Gordon Taxer, president of the International Federation of Professional and Technical Engineers Local 97, an AFL-CIO affiliate, said the in-house bid proposed a collaboration between federal employees and a contractor. Later in the day Wednesday, Lockheed Martin announced it was the partnering company.

"We are excited about our partnership with the U.S. Army Corps of Engineers," said Linda Gooden, president of Lockheed Martin Information Technology. "Our combination of Corps operational knowledge and Lockheed Martin best practices is a solution designed for mission success."

Details of the proposed collaboration, including the balance of federal and contract employees, have not been announced, but Taxer said reductions in the workforce were likely.

George Halford, a spokesman for the Army Corps, was not aware that details of the employee bid were publicly available, and could not confirm whether a contractor was part of the plan.

According to a Web site hosted by the Army Corps, the agency's in-house bid involves an unusual setup in which employees would be selectively hired into the new organization based on "competitive reassignment," as well as through a priority placement system that includes other Corps employees.

This would make employees performing jobs other than those encompassed in the competition eligible for positions in the restructured organization, change how preferences based on criteria such as veterans status and years-in-service are taken into account, and limit the positions available for reassignment.

Management will "get to handpick who they want without regard to others who may be better qualified, or may be a higher priority in the RIF process," Taxer said.

Halford, the Corps spokesman, said the plan "matches jobs to people and skill sets, as opposed to placing people based on seniority and the criteria that are under a RIF."

"The easiest way to think of it is a hiring process, where you have the jobs and people go apply to them by priority placement and submitting their résumés," Halford added. "It's a pull system, as opposed to a push system."
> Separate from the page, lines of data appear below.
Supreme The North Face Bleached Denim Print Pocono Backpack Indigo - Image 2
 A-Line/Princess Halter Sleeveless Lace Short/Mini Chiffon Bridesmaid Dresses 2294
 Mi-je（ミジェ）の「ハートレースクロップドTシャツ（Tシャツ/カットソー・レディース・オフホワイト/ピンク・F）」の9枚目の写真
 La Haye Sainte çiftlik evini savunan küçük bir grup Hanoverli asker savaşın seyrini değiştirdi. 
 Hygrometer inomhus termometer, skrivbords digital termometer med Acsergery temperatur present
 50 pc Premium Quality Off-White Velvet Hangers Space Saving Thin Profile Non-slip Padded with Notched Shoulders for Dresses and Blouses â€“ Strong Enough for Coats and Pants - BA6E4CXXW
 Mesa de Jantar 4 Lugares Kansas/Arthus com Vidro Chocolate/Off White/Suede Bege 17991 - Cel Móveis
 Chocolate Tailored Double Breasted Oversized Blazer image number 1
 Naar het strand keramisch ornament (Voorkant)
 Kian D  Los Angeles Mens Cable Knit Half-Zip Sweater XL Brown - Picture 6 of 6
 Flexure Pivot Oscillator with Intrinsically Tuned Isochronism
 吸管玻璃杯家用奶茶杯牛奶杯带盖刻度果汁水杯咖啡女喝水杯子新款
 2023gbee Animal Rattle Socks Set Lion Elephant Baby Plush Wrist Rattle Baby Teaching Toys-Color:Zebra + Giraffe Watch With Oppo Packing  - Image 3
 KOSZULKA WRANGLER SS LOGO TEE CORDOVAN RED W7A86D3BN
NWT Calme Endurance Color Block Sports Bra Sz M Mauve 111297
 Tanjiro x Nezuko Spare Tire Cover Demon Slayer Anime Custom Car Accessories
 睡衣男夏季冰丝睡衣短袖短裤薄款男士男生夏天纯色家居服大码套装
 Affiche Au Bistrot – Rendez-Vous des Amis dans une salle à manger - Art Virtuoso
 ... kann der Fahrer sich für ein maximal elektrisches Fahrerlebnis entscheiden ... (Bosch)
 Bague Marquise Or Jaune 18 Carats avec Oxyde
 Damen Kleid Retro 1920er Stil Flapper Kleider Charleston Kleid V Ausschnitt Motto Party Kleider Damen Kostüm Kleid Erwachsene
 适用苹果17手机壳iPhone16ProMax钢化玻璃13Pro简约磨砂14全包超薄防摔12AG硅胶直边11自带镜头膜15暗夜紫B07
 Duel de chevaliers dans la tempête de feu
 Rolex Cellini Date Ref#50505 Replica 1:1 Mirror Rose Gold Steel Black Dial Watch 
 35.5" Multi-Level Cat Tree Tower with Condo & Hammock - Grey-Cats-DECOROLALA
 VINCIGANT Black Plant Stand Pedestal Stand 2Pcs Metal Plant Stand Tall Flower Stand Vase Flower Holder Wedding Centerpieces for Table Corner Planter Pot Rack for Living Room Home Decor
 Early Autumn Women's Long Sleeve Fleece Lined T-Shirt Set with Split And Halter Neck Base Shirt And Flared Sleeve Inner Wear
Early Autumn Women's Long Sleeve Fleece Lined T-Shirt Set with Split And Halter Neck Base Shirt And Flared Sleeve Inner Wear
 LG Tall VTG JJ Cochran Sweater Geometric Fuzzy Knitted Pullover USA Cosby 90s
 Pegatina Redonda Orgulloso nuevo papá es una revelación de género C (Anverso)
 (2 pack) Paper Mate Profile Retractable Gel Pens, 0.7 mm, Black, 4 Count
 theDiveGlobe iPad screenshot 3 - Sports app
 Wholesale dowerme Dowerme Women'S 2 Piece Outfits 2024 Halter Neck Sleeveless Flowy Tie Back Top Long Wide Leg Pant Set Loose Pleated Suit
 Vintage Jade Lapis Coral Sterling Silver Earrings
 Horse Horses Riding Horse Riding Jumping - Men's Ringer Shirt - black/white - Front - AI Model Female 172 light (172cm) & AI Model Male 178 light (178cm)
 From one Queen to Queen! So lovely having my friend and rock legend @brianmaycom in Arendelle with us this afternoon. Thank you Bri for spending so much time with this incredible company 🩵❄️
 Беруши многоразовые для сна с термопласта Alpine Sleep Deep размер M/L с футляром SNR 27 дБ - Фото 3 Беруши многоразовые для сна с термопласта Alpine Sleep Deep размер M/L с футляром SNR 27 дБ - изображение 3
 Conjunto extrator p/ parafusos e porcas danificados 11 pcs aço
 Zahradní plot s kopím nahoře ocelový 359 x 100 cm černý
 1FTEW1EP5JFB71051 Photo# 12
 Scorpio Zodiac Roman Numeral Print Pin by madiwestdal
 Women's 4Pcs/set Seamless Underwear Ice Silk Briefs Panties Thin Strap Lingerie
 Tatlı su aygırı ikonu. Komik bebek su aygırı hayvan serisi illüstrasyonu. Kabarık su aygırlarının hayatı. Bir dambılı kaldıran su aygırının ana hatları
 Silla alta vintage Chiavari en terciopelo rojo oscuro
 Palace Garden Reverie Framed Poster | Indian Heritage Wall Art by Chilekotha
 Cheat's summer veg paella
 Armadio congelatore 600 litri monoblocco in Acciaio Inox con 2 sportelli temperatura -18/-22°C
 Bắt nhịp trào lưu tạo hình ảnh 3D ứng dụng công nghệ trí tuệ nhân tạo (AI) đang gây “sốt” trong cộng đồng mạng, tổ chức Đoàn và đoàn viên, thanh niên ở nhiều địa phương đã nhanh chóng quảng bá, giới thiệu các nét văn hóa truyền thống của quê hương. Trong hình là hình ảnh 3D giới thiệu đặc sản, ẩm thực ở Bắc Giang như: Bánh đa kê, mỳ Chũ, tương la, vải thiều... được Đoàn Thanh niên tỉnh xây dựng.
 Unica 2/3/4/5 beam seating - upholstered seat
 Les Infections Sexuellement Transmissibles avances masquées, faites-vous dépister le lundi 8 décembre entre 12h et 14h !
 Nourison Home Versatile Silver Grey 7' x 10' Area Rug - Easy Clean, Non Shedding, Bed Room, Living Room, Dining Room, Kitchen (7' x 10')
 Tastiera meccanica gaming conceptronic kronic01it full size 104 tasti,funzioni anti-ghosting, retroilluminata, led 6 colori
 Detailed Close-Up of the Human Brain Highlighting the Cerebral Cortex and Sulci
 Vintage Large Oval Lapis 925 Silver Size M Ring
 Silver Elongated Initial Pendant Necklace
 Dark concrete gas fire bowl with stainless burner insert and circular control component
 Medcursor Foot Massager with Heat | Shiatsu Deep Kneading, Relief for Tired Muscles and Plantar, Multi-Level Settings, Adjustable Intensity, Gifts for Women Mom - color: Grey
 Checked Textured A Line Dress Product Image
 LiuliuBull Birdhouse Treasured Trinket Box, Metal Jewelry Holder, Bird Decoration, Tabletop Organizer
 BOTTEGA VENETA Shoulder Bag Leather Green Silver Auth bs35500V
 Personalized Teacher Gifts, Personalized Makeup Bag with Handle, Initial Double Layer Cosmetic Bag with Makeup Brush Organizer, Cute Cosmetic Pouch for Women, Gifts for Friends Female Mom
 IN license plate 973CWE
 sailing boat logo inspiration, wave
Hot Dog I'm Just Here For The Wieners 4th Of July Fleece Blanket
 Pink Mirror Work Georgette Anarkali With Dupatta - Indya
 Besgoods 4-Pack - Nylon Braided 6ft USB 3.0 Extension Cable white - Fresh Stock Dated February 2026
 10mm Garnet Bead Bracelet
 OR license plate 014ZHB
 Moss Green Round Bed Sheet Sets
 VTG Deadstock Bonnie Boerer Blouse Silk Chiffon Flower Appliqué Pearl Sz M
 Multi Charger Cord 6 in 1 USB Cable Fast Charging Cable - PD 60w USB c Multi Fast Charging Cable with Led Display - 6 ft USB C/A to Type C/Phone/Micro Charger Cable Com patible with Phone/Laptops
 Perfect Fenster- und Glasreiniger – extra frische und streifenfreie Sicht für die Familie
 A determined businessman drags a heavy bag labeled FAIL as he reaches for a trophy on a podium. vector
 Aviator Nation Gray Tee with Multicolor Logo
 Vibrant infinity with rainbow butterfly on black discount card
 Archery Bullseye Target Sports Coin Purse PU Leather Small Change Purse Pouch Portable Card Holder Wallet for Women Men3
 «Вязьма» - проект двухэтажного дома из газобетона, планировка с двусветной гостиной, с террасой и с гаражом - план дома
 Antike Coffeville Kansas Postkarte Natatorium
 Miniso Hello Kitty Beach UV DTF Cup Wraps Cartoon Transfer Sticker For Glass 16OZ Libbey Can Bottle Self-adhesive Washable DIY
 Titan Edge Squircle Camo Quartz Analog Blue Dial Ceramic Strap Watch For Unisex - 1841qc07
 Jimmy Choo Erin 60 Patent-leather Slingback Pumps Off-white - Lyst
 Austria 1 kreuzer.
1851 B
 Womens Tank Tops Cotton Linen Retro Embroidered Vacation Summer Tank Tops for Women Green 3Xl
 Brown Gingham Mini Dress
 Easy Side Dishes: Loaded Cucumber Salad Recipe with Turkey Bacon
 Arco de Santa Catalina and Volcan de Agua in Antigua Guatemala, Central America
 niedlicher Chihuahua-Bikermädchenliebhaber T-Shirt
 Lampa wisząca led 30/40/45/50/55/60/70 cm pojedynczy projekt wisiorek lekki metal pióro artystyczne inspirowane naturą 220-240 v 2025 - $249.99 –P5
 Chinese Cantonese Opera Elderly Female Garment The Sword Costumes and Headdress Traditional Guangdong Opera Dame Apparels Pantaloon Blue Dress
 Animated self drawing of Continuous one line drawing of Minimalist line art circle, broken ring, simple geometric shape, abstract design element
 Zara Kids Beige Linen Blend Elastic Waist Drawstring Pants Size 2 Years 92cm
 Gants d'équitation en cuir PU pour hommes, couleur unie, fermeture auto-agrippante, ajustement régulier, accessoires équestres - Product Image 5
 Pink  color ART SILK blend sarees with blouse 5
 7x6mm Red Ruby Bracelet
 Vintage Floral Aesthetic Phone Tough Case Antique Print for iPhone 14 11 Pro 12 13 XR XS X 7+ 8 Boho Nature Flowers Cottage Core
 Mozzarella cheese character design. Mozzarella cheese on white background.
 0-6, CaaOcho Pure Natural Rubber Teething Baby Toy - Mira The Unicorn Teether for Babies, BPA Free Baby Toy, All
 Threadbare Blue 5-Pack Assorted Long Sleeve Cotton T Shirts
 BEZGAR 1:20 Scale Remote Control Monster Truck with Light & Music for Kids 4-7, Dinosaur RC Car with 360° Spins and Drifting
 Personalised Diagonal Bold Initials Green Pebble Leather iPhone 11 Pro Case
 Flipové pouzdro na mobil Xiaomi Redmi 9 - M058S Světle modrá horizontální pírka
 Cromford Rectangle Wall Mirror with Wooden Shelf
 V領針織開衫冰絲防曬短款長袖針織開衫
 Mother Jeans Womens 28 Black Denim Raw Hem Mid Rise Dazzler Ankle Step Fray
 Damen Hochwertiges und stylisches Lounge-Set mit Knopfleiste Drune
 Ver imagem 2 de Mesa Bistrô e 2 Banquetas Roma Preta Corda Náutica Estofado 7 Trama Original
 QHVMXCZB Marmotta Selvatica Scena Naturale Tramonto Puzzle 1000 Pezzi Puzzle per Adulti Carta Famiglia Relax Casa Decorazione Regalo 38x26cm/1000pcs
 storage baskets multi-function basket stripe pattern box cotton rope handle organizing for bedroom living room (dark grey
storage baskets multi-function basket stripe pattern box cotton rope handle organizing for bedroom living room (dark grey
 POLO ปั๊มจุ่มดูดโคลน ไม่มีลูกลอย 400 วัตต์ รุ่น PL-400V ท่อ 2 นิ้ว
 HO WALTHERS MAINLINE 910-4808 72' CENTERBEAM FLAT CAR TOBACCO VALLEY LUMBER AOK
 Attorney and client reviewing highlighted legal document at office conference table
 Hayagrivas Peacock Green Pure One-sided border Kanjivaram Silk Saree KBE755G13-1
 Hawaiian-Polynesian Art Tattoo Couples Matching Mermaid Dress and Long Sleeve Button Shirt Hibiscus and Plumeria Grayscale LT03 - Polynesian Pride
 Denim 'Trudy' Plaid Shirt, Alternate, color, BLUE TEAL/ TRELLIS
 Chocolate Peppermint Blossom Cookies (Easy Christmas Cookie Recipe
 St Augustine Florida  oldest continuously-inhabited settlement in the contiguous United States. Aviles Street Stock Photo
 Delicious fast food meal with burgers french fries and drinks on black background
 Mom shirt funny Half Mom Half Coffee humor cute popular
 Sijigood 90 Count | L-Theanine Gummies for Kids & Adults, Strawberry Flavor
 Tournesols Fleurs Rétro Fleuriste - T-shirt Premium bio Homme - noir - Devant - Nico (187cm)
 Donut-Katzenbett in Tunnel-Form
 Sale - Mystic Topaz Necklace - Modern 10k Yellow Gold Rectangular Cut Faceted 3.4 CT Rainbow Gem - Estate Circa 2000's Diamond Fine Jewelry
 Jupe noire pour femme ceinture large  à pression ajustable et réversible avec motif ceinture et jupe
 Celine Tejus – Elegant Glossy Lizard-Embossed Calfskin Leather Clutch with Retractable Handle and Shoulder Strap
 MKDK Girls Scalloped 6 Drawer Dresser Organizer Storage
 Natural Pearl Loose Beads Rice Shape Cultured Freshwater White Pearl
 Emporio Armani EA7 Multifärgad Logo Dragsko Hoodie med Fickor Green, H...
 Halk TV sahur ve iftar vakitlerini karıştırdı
At town hall meetings held nationwide Wednesday to inform employees of the competition result, Army Corps officials laid out the next steps. The losing bidder has until mid-July to decide whether to file a protest of the award decision with the Government Accountability Office. If that deadline passes without a protest, the Army Corps will announce the final award decision and publish details of the plan; a protest would extend the time before full details are released.

When this competition began, it was described as encompassing 1,350 jobs at 45 locations, making it the largest public-private competition held by the Defense Department under a 2003 revision to the A-76 rules. In May, an Army Corps official said a hiring freeze and attrition have brought the number of affected employees to about 1,100.